Add the asparagus to a medium saucepan and cover with water. Heat until boiling, and continue to cook for a few minutes, until the asparagus is crisp-tender. Immediately drain the water and cover with cold water to stop the cooking. Drain again, and set aside.
In a medium bowl, combine the eggs, milk, salt and pepper. Whisk until well blended. Whisk in the cheddar cheese.
Melt the butter in a 12-inch skillet set over medium-low heat. Swirl the butter around in the pan a bit so that it completely coats the bottom and sides of the pan. Add the ham and scallions to the pan and cook, stirring occasionally, just until fragrant and warmed through, about 2-3 minutes. Add the drained asparagus to the pan, stirring once. Pour the egg mixture into the pan and give the mixture a quick stir to ensure even distribution of the ingredients.

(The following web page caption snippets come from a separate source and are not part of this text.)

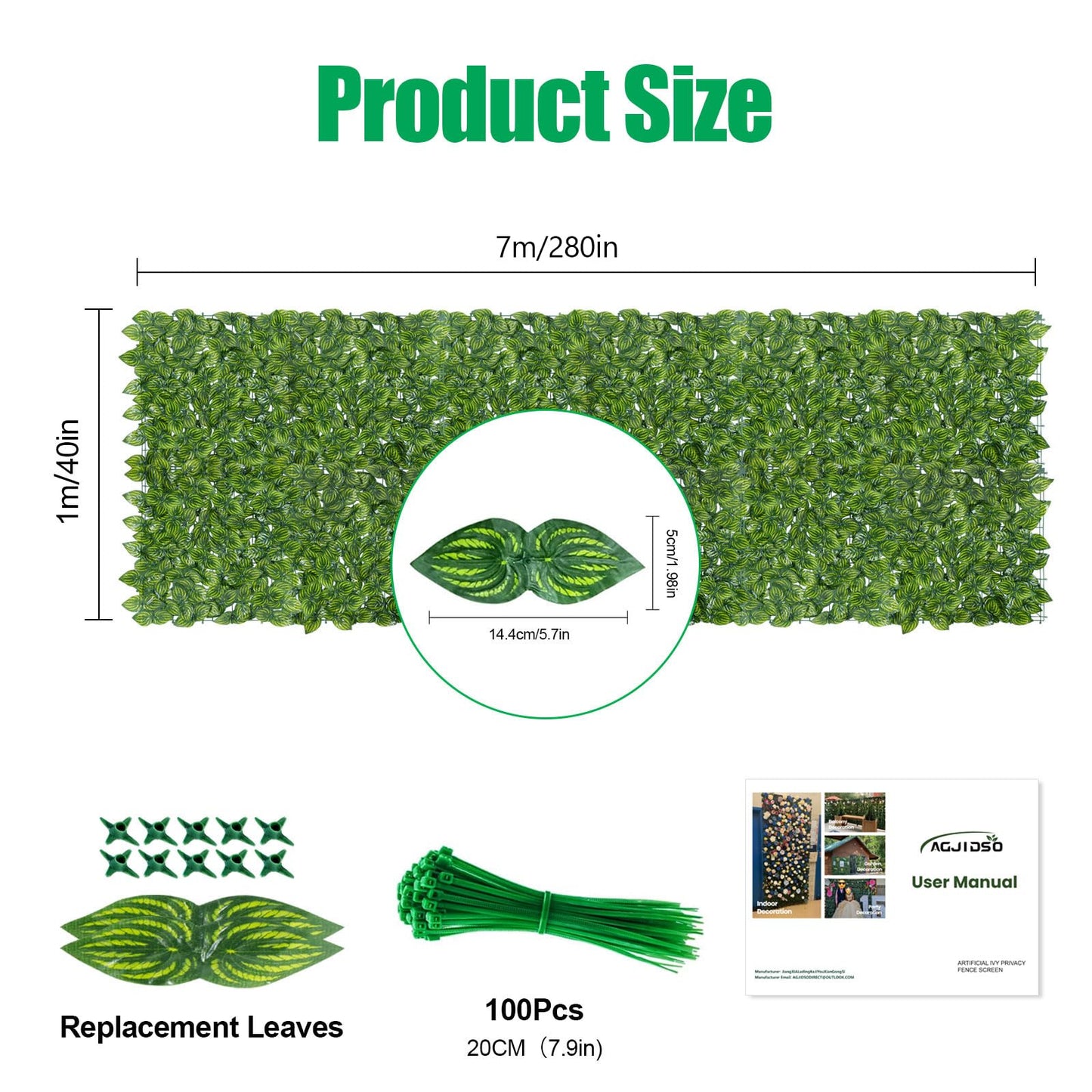 Artificial Ivy Privacy Fence Screen 280"x40", Privacy Screen for Balcony and Garden,Artificial Faux Ivy Hedge,Grass Wall for Indoor and Outdoor Deco with 100PCS Zip Ties (Upgrade Watermelon Leaves)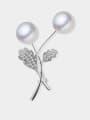 thumb Brass Imitation Pearl Flower Trend Brooch 3
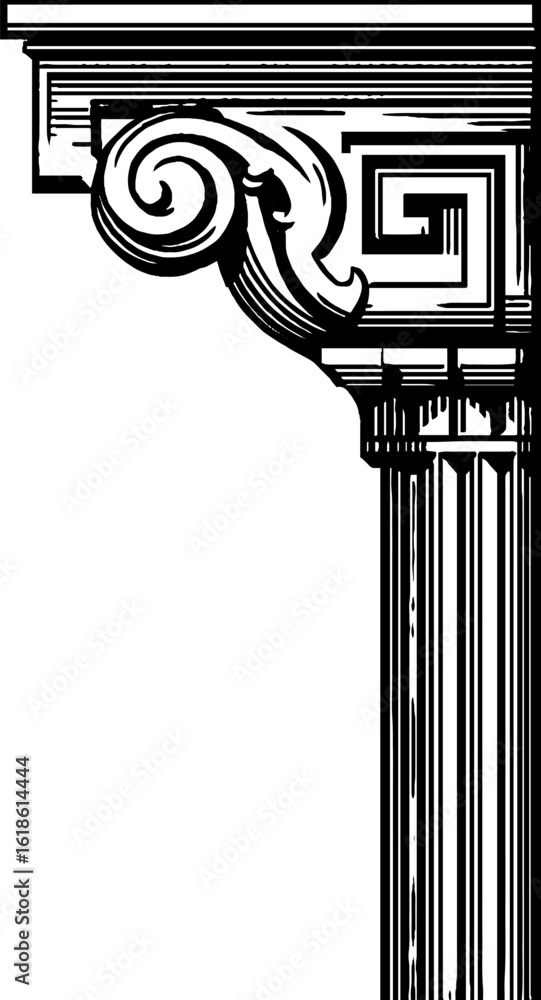 Poster architectural frame of stylized classical columns for design and decoration elements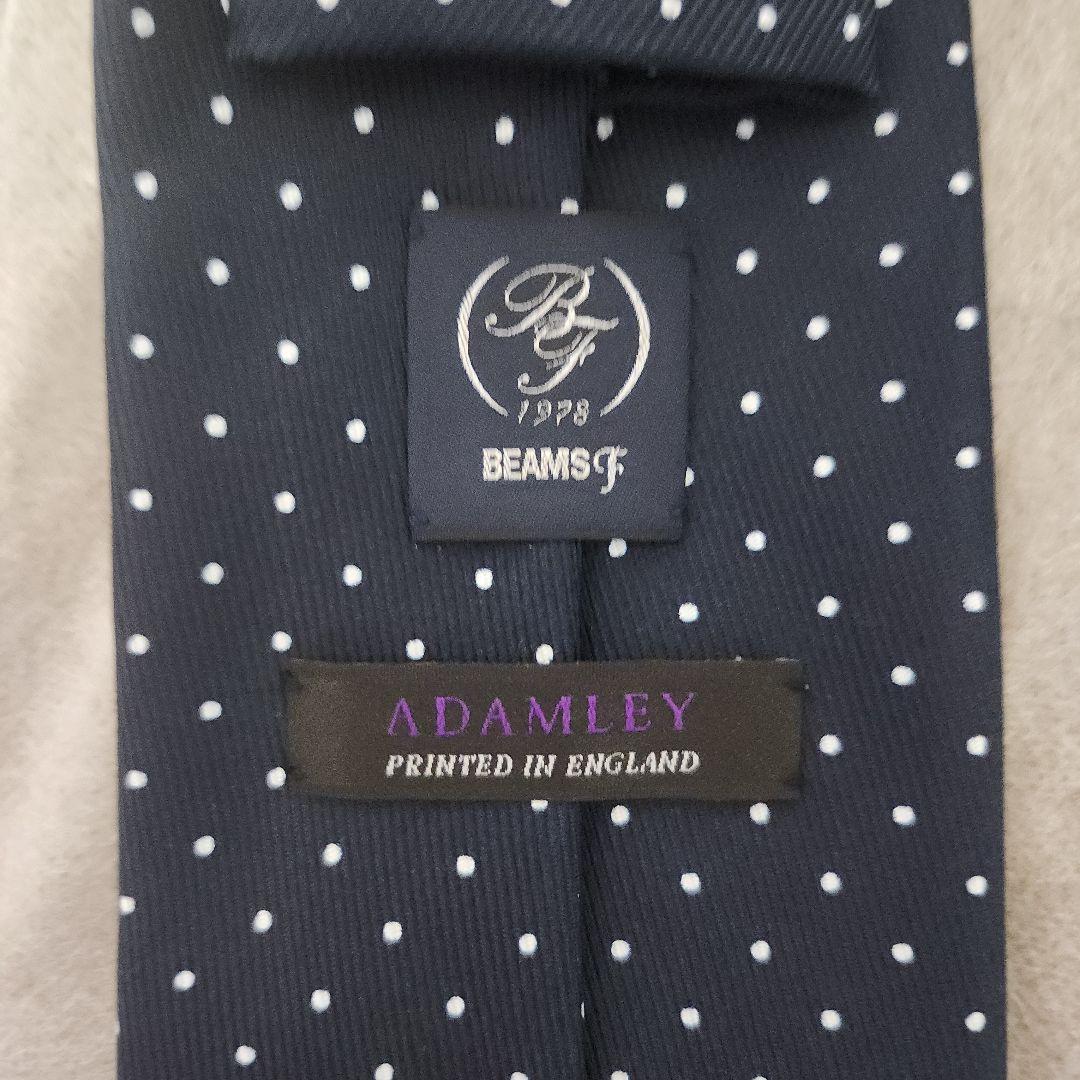 【美品】BEAMS F ADAMLEY シルクピンドット柄プリントネクタイ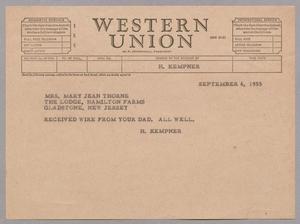 [Telegram from H. Kempner to Mary Jean Thorne, September 6, 1955]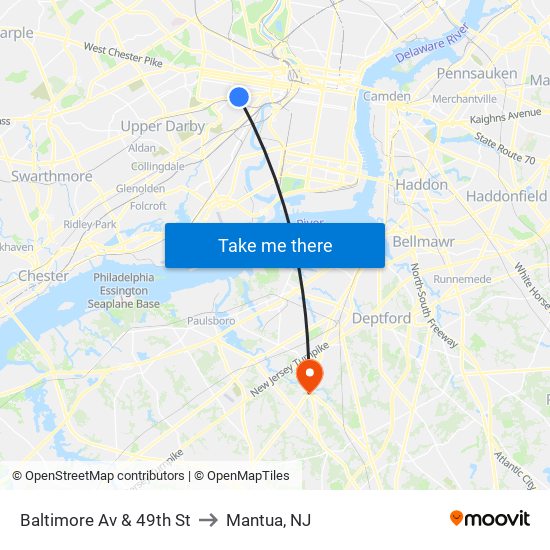 Baltimore Av & 49th St to Mantua, NJ map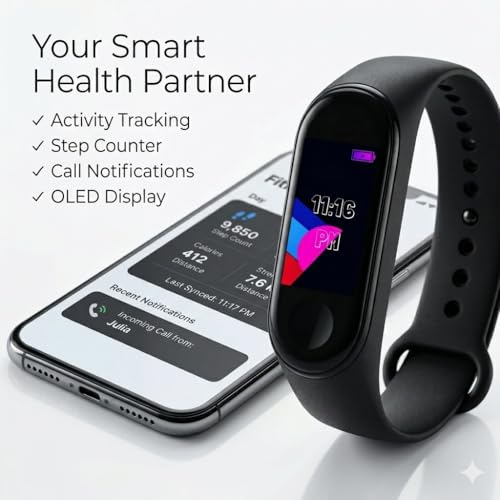 Image of Mabron Smart Fitness Band with Activity Tracking, Step Counter, Call & Message Notifications, Touch Display, Bluetooth Connectivity for Daily Fitness and Exercise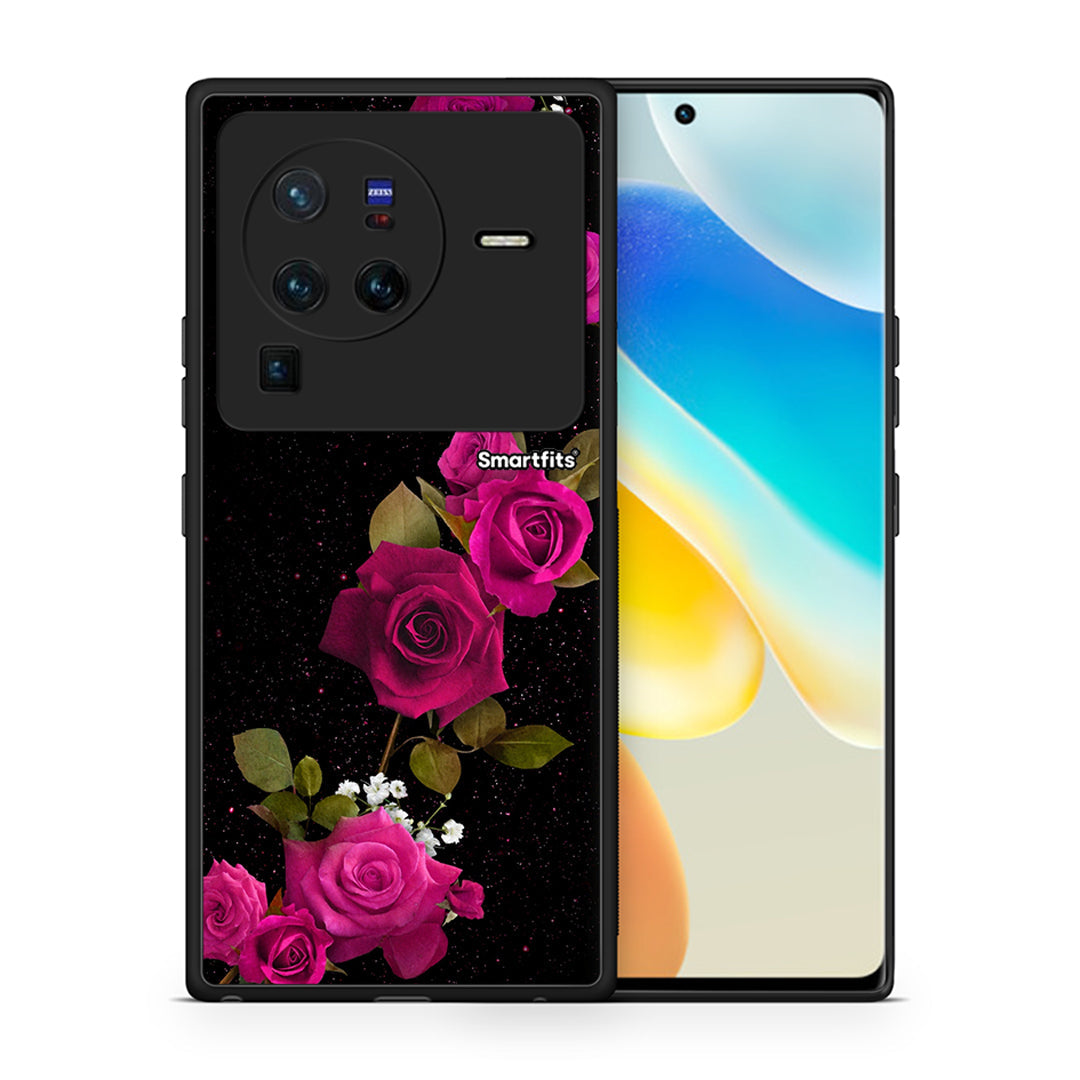 Θήκη Vivo X80 Pro 5G Red Roses Flower από τη Smartfits με σχέδιο στο πίσω μέρος και μαύρο περίβλημα | Vivo X80 Pro 5G Red Roses Flower case with colorful back and black bezels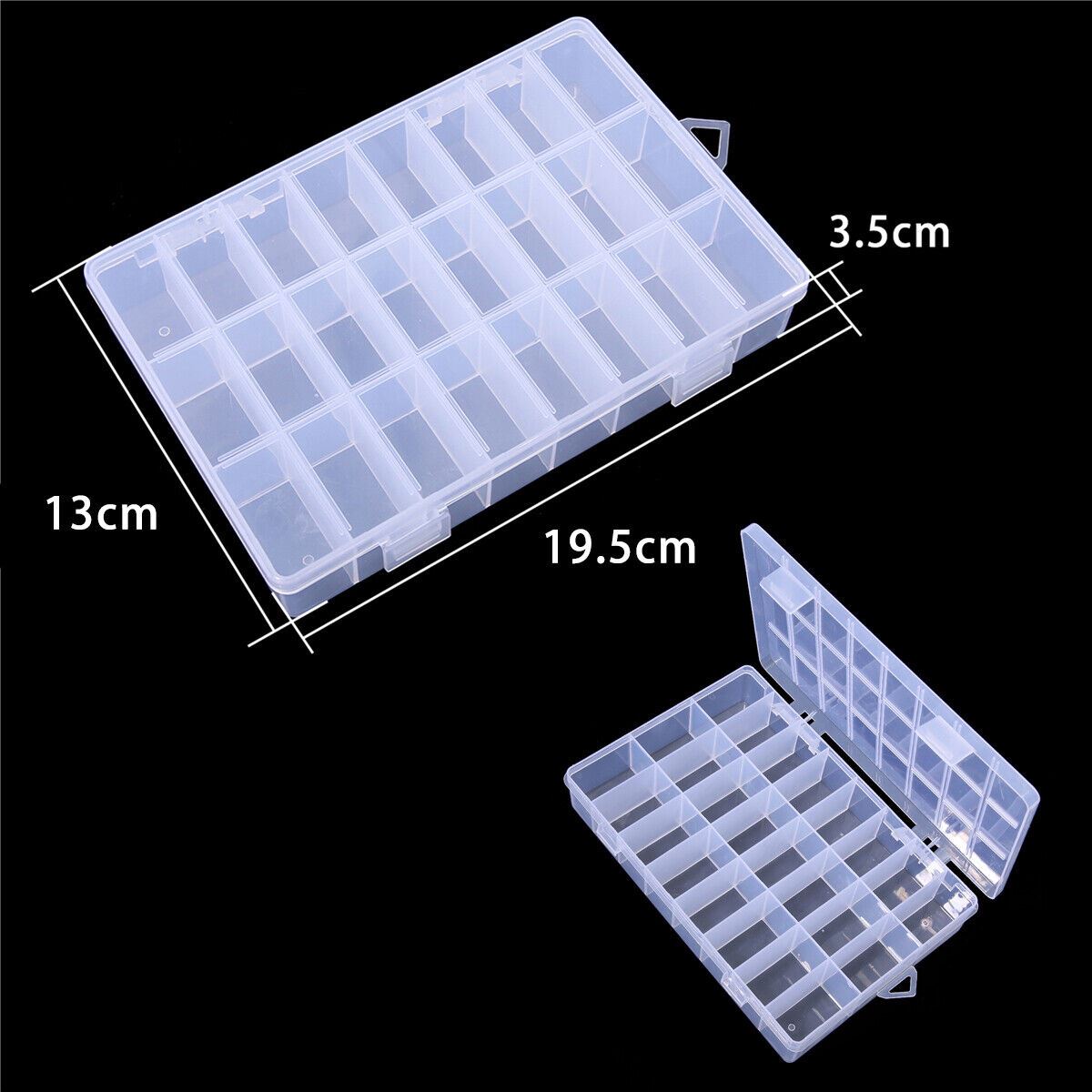 1. Transparent 24-grid plastic organizer with 3x8 compartments for watch accessories storage.  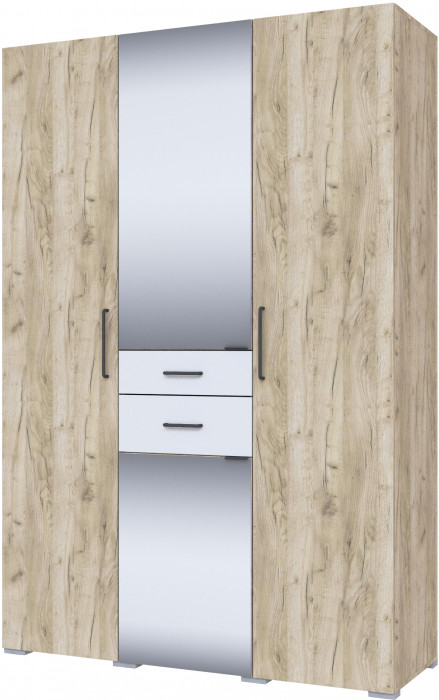 Шкаф 3-х створчатый "Теана" - Крафт серый/МДФ светло-серый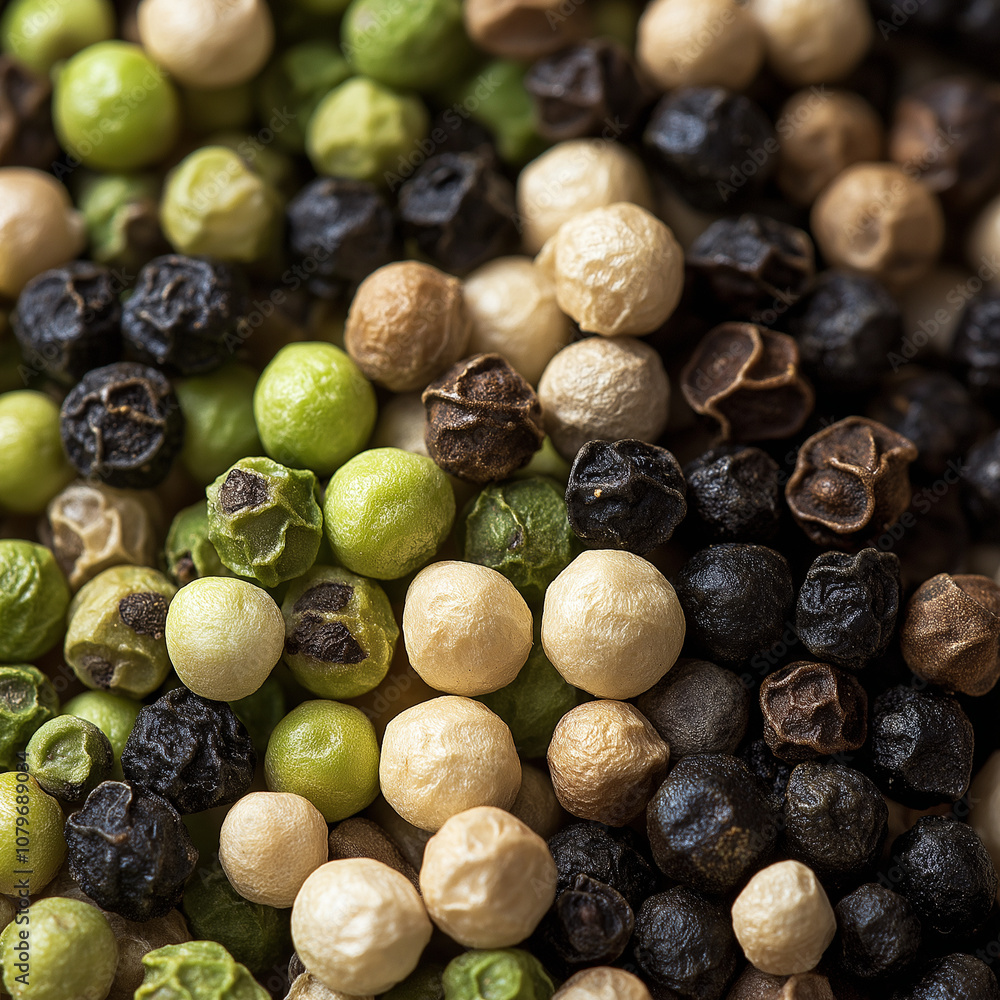 Whole Peppercorns on Wooden Surface Whole Peppercorns on Wooden Surface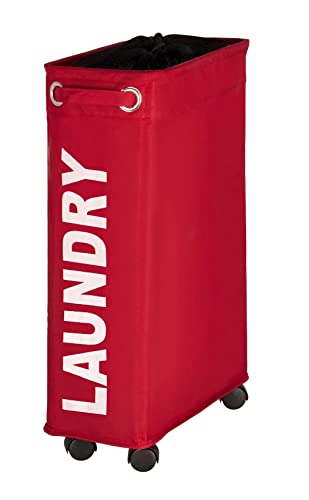 Wenko Cesto Corno Para La Ropa Estrecho Con Ruedas Rojo/Negro, Tessuto, Rosso, 7.3 X 23.6 X 15.7 Inch
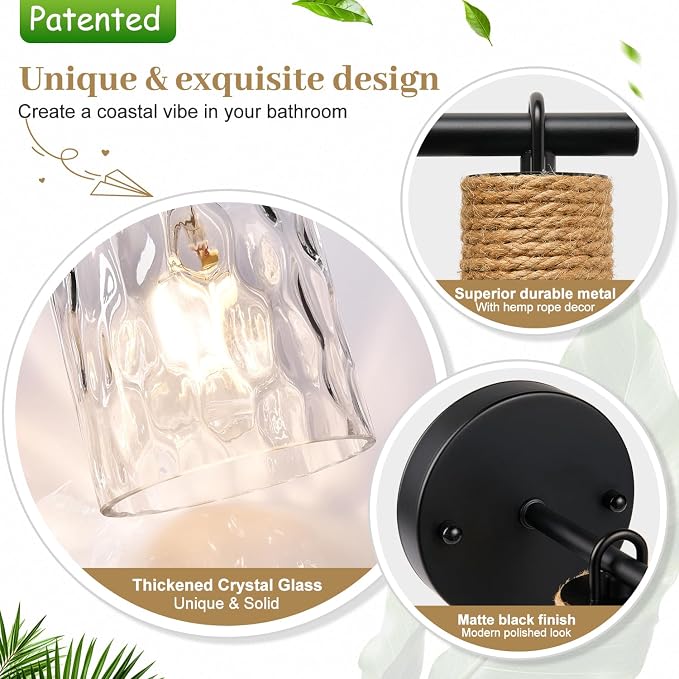 MOKATNG Set of 2 Wall Sconces for Bathroom, Coastal Modern Vanity Lights with Crystal Glass Shade, Black Bathroom Wall Lamp for Mirror Kitchen Living Room Hallway Cabinet Porch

Increase the heat to medium and allow to cook without stirring. Cook until set around the edges and the center and top are still liquid, about 7-8 minutes. Meanwhile, preheat the broiler. Transfer the skillet to the broiler and continue to cook until the top and center are fully cooked, about 3-4 minutes more. Remove from the oven and let cool until set, about 5 minutes. Slice and serve. (Remember to use an oven mitt when handling the pan during serving – it will be quite hot!)